C.M. Clark’s poetry has appeared in Painted Bride Quarterly, Metonym Literary Journal, The Lindenwood Review, Spire Light, Dogwood: A Journal of Poetry & Prose, the South Florida Poetry Journal, and Gulf Stream magazine, and will be featured in Demeter Press’s forthcoming anthology, Travellin’ Mama. Clark was runner-up for the Slate Roof Press Chapbook Contest and Elyse Wolf Prize, and a finalist for the Rane Arroyo Chapbook Series. She also served as inaugural Poet-in-Residence at the Deering Estate Artists Village in Miami. Author of full-length works, Charles Deering Forecasts the Weather & Other Poems (Solution Hole Press, 2012) and Dragonfly (Solution Hole Press, 2016), Clark’s most recent collection, The Five Snouts, was published by Finishing Line Press (2017).

A Poem by Malcolm Glass




My Bicycle



Pennies, quarters gathered

from my mother’s change

purse for weeks, tumbled

from the jar to be rolled,

a heavy ffteen dollars.


Foster Fanning’s Bicycle

Repair Shop had seven used

bikes lined up at the curb.

We had just enough for the least

expensive one.

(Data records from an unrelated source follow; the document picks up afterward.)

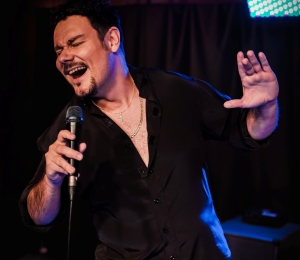 011025-Kuuntelen-tomppaa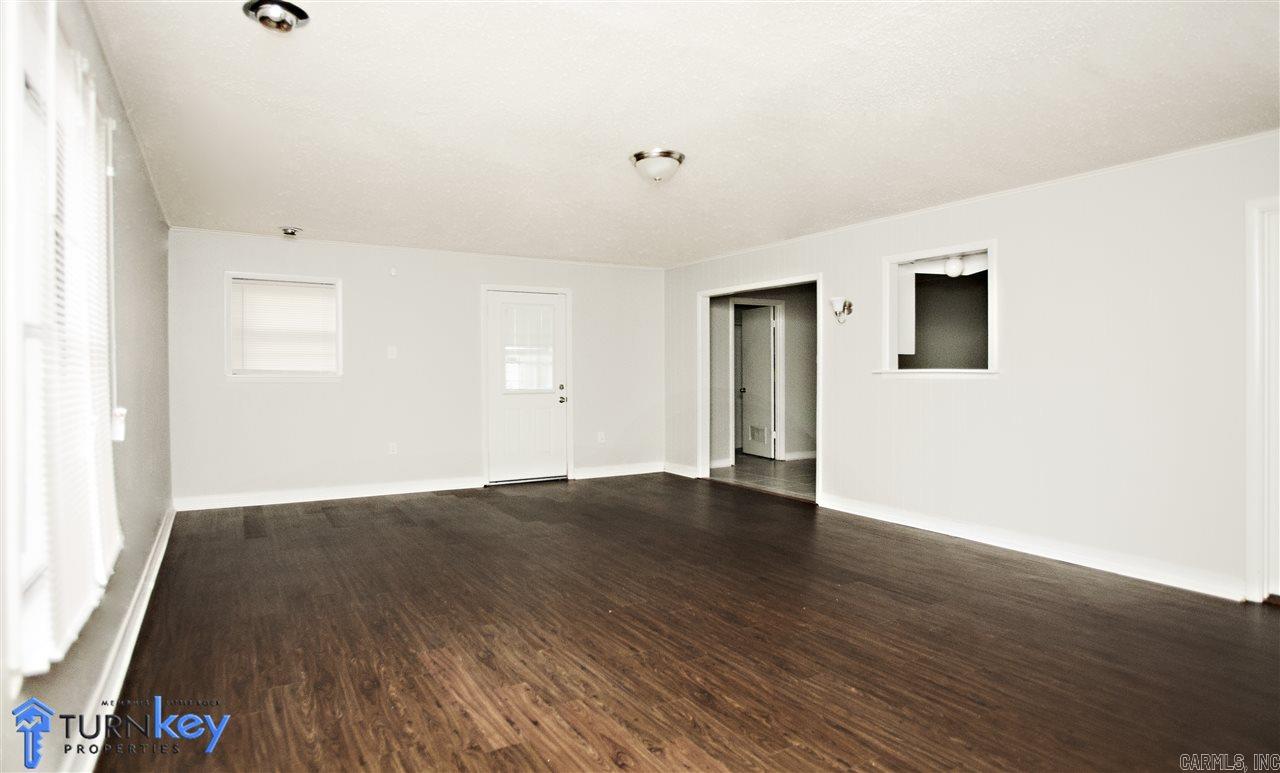 American Manor - Residential Lease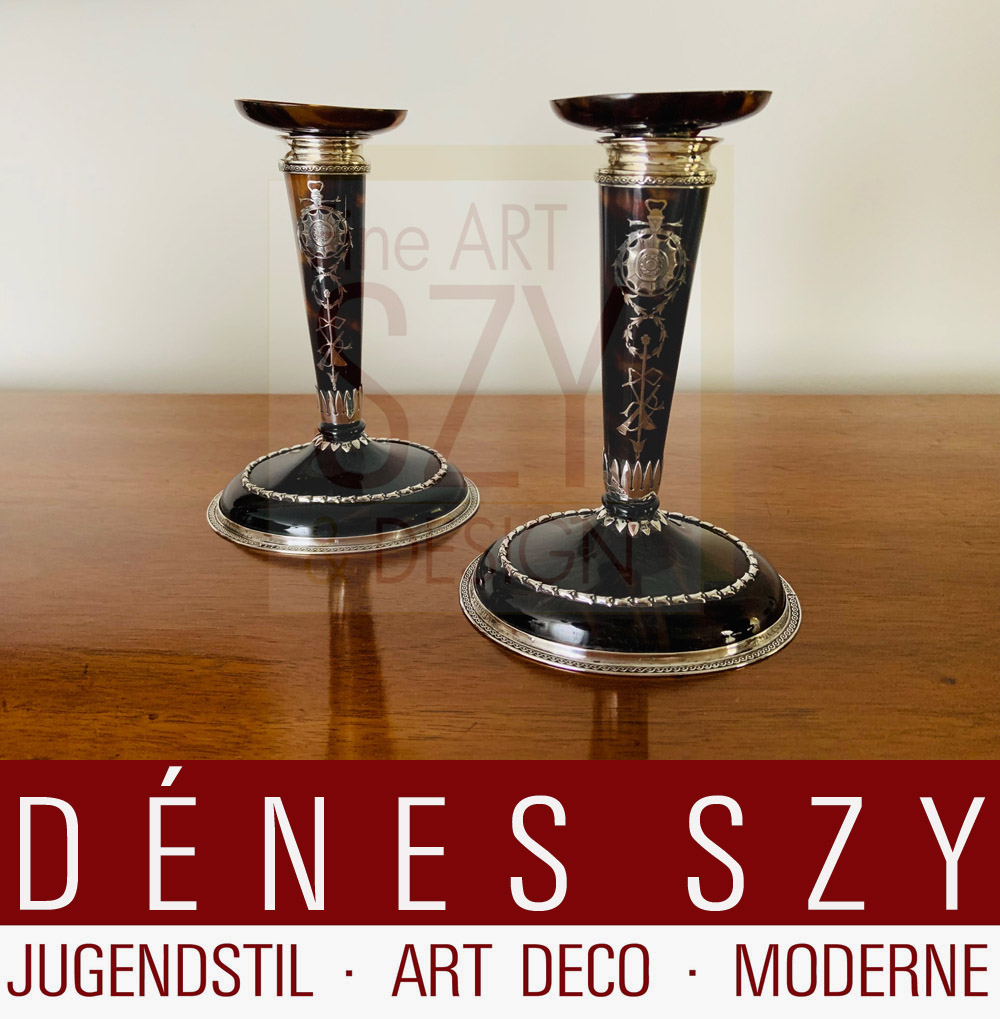 Englisches Leuchterpaar Edwardian era, mit ovalem Fuß und ovaler Tülle, Schildpatt und Sterling Silber, Dekor aus Bändern, Kränzen und Musikinstrumenten, Entwurf und Ausführung: William Comyns & Sons (1858-1930er), London 1911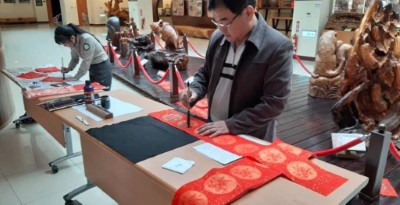 往年大雪山揮毫活動，書法老師現場揮毫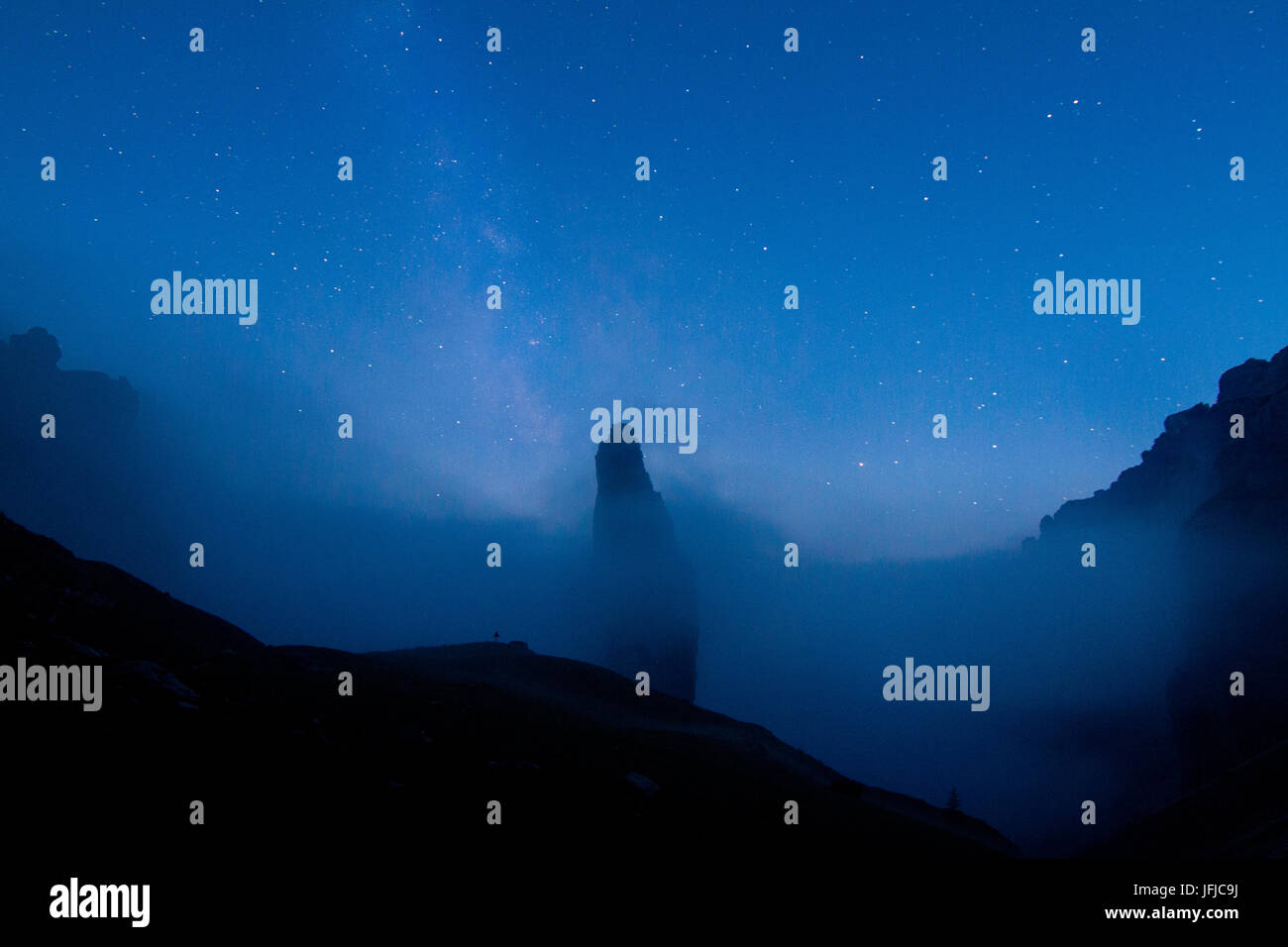 Il Campanile di Val Montanaia durante la notte sotto un cielo starring - Friuli - montagna italiana Foto Stock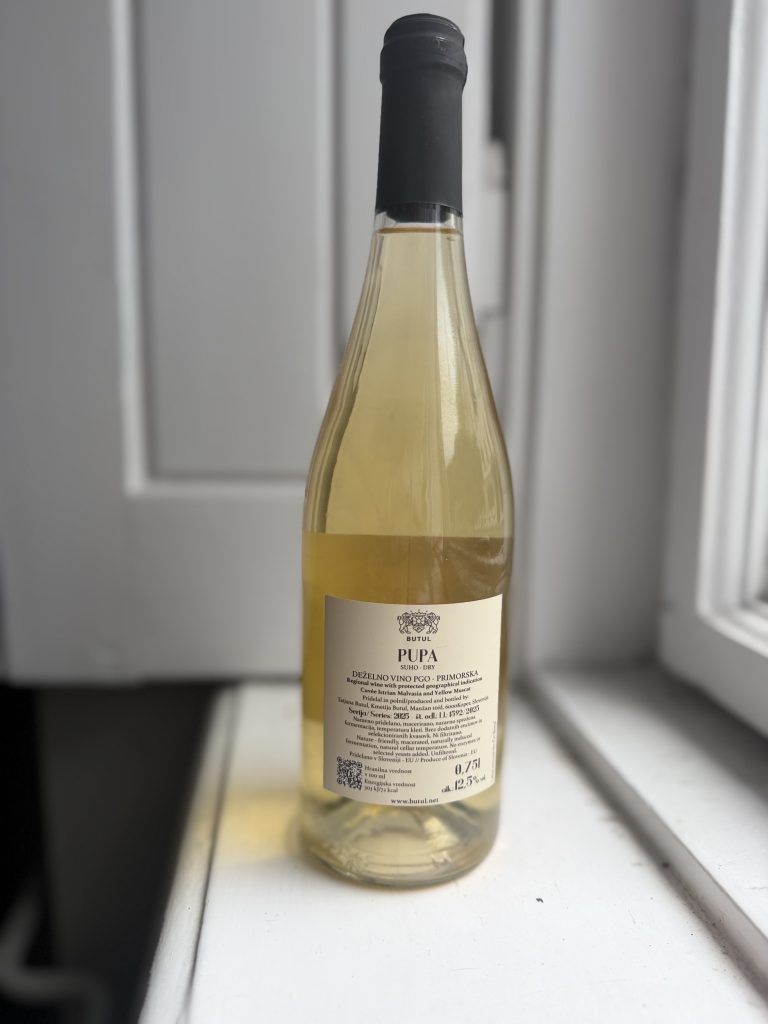 Pupa 2025 – suho belo macerirano vino - slika 4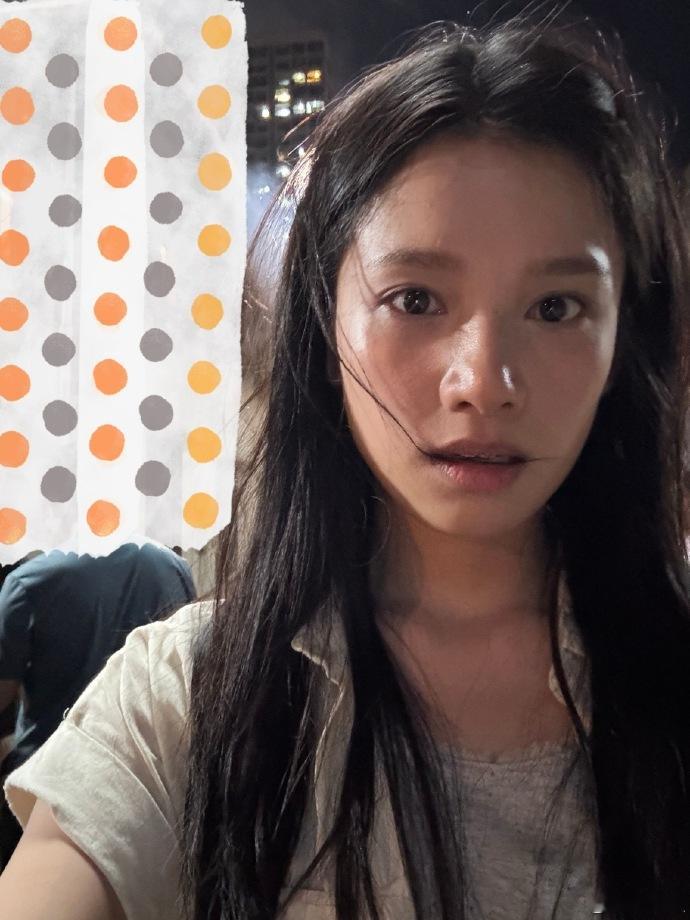 网传金枝接触张婧仪金枝深度接触张婧仪据悉金枝正在为一部艺术电影物色女主角，张婧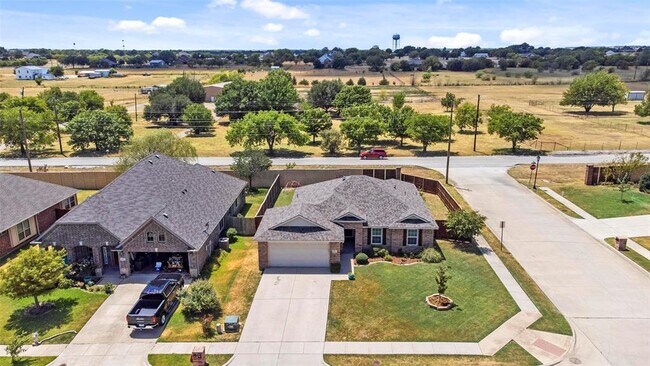 5015 Spruce Street, Krum, TX 76249 photo 2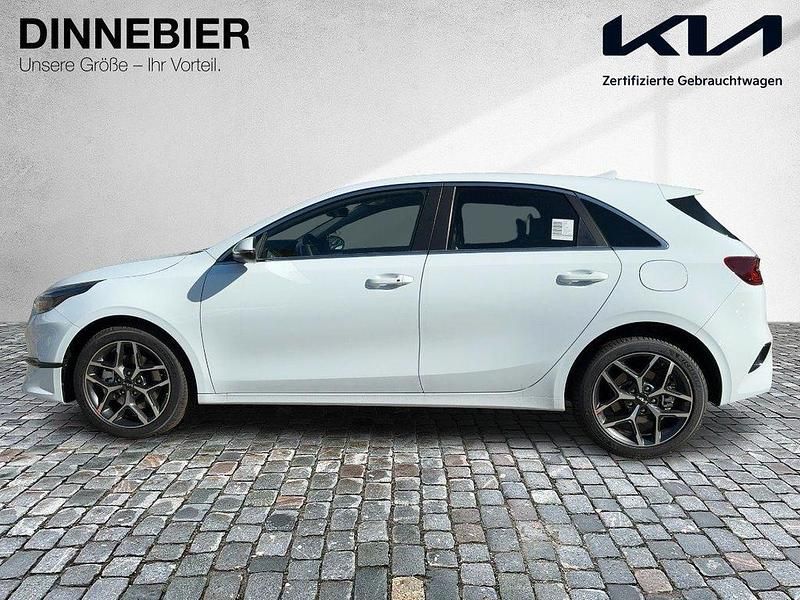 Neu Kia Ceed 140 PS (102 kW) 2025 Weiß Kleinwagen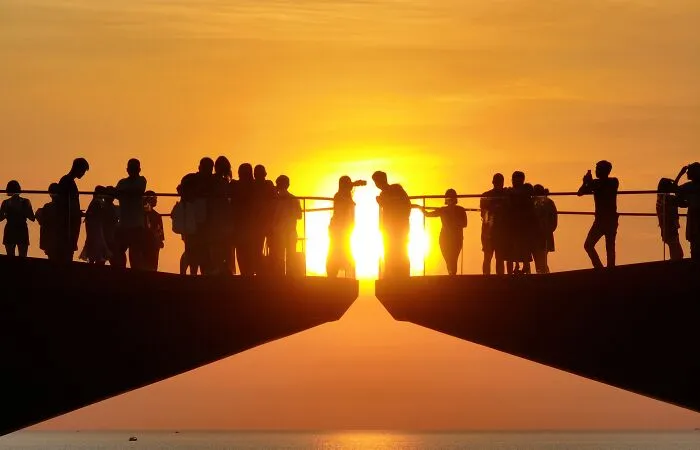 Kiss Bridge - A Paradise For Romantic Souls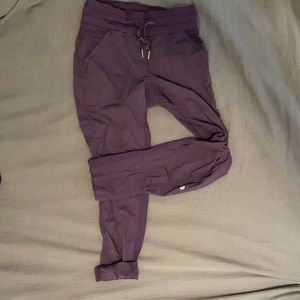 Lululemon street to studio pant II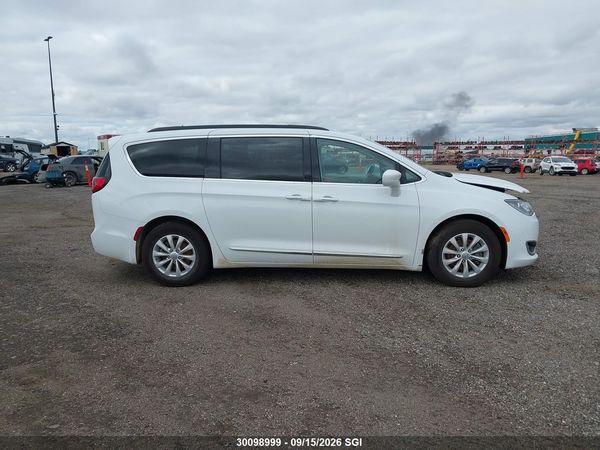 2017 CHRYSLER PACIFICA TOURING L
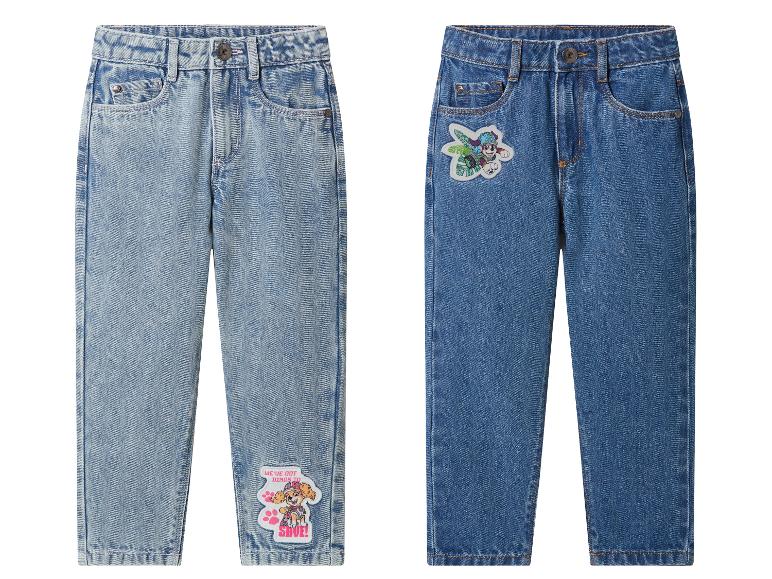 Twee kinderjeans, één lichtblauw met een Skye-patch en één donkerblauw met een Rocky-patch.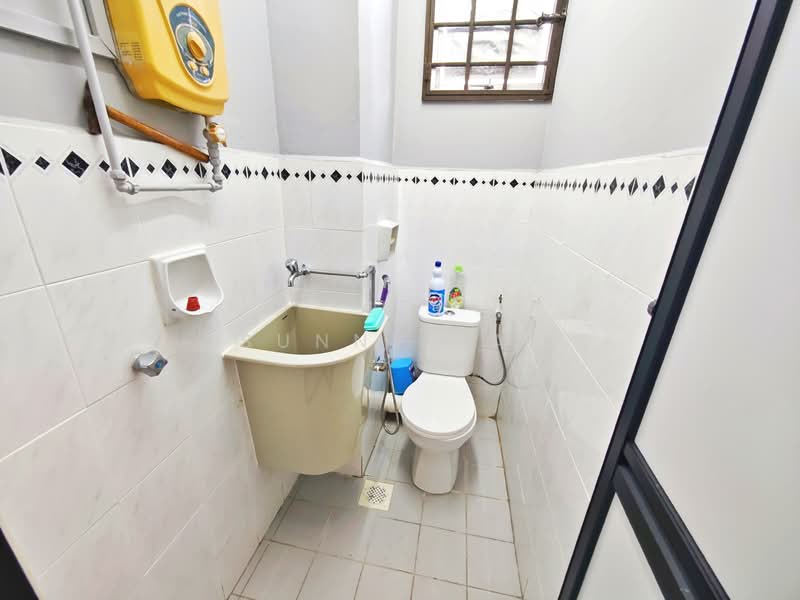 Condominium for Sale at Azuria Condominium - Sunny Lai - PropertyGuru.com.my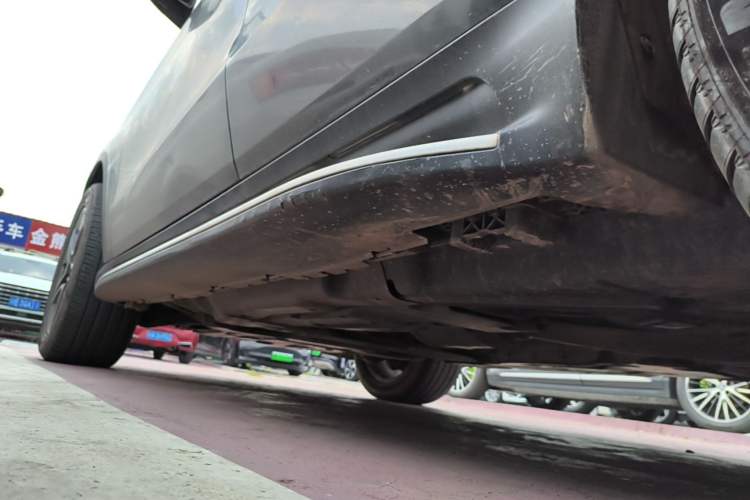 Used Mercedes-Benz GLE Coupe 2017 GLE 400 4MATIC Coupe SUV Left Side Sill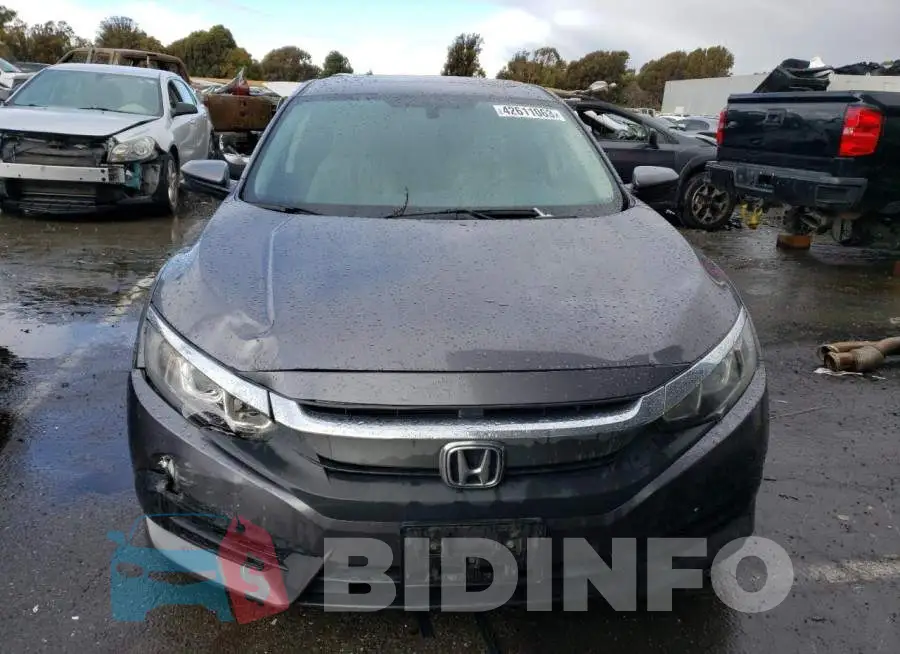 19XFC2F72HE230157 Photo# 5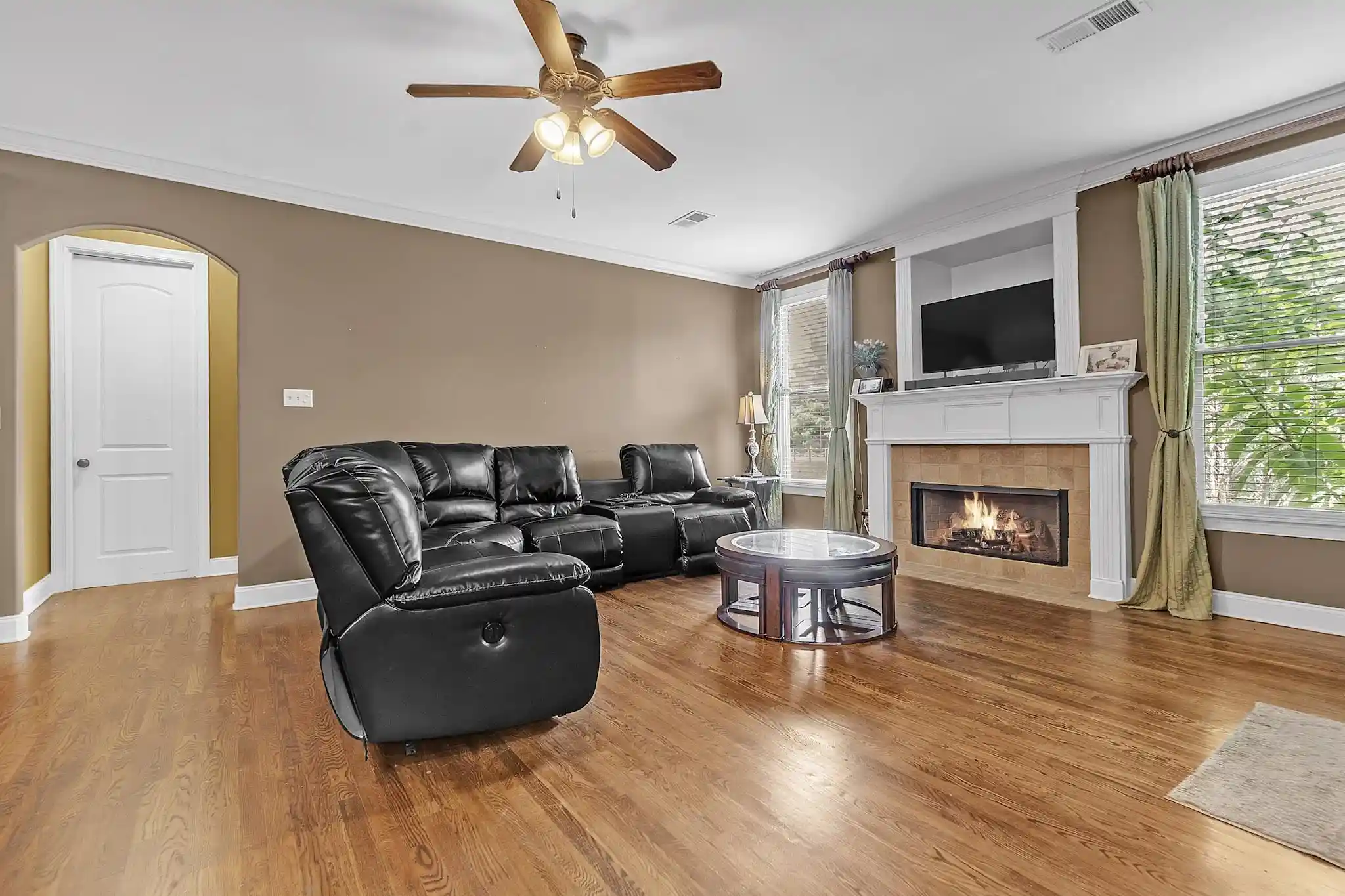 Photo 3 of Single family home for sale at 10734 Whisper Trl, Collierville, TN 38017 | MLS# 10225938 | Listing updated on 2026-07-22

Mr. Fanning

had cobbled together a mangy

hybrid from his stock of broken

bikes, a heavy-duty frame,


the fork and fenders from

a Monkey-Ward, one wheel

from a J. C. Higgins, the other

from a Schwinn, and handlebars

like horns on a steer, from God

knows. He gave it a new paint

job with a brush: thick,

shiny black enamel.


He said it was a Roadmaster,

though the logo had vanished

under the paint. So my bicycle

was nameless, like Dickinson’s

frog. It ate puffed rice and wore

white tee-shirts with rolled-up

sleeves. It sat at the back

of the classroom and never

raised its hand. My bike and I

rode down the street quite

anonymous, forgettable,

like a stranger in an unmarked

grave, the hero in an unpublished

story, a nameless Samaritan

too good to have a name.




Poems by Malcolm Glass have been published in many journals, including Poetry (Chicago), Nimrod, The Sewanee Review, High Plains Literary Review, The Laurel Review, and Prairie Schooner. He is a retired professor of creative writing and former editor for Zone 3 and Cumberland Poetry Review. Glass has published seven books of poetry and several books on the craft of writing.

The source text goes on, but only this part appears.